魚釣りが上手で、暇なときは、セミやチョウチョを捕まえてくれました。

ドカベンに出てくる、岩鬼さんのように、背が高く、肩幅が広く、スポーツマンでした。そして豪放磊落、破天荒な叔父でした。
その頃はちっともそんなことは思いませんでしたが、今から思えば、かなりカッコいい男性だったのかもしれません。

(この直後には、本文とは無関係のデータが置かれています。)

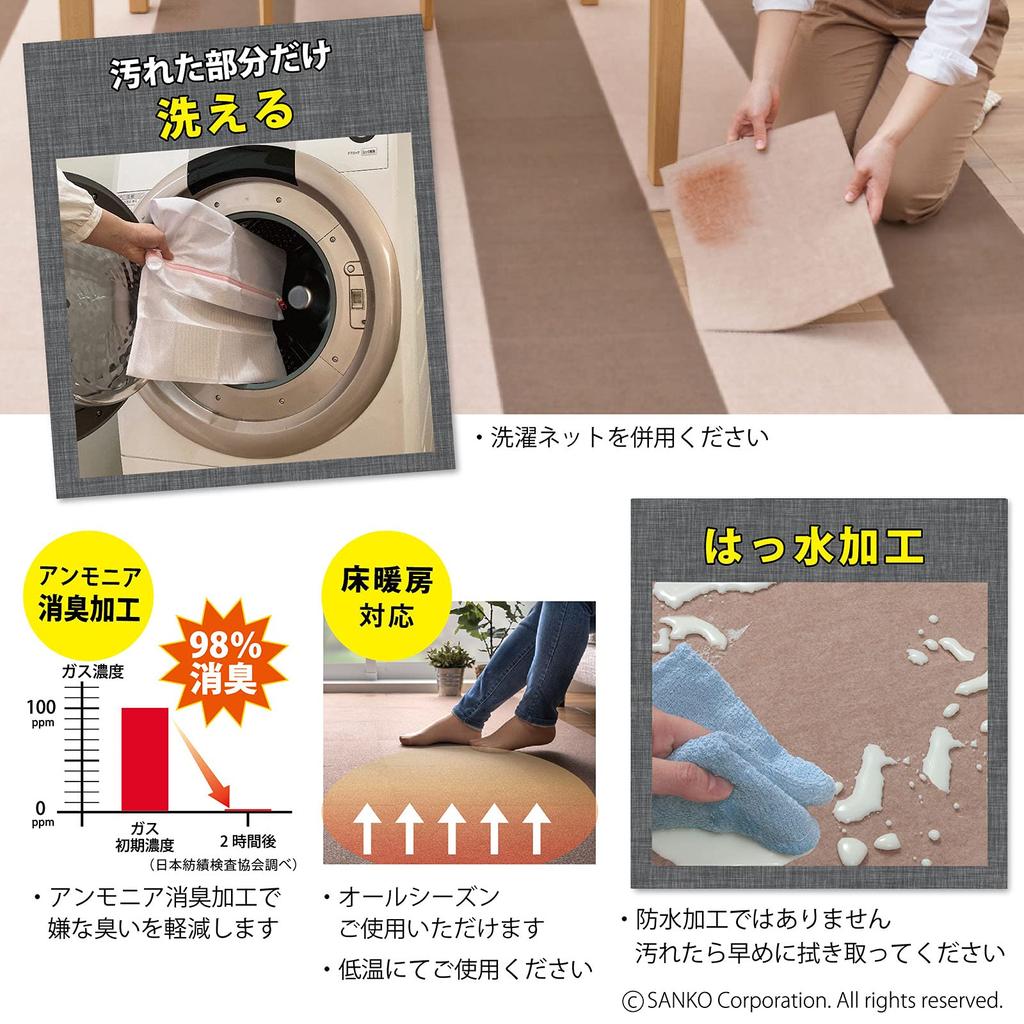 Sanko Tile Light 100 Flat Tile Made in Non-Slip Carpet, 30x30cm, Beige, Sheets, Easy-to-Place Adhesive, Japan, Water-Repellent, Deodorizing, Washable,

自分の部屋で彼女から来た絵はがきをうっとり見つめている様子は、ほほえましいものでした。(その時私は5才でしたが、なぜかそう思ったのです。)

年月はたち、私は大人になり、叔父も年をとりました。
そんな叔父が選んだ犬は、秋田犬でした。よほど嬉しかったのか、わざわざ家まで見せに来てくれました。賢そうな顔とふさふさ尻尾がピコピコしてとても可愛い子犬でした。

ところが、叔母は
「私は犬が苦手なの。さわれないの」
と、言って困った顔をしていました。でも、帰るときに、叔父に犬を抱いてやれと言われて、ヒーヒー言いながら、膝に毛布をひろげて犬をくるみました。
「これでなんとか大丈夫」
と、言って帰って行きました。叔父の様に動物の好きな人間には、動物の苦手な人の気持ちはわからないのだなぁと、叔母を気の毒に思いました。
子犬は、大事にくるまれて嬉しそうでした。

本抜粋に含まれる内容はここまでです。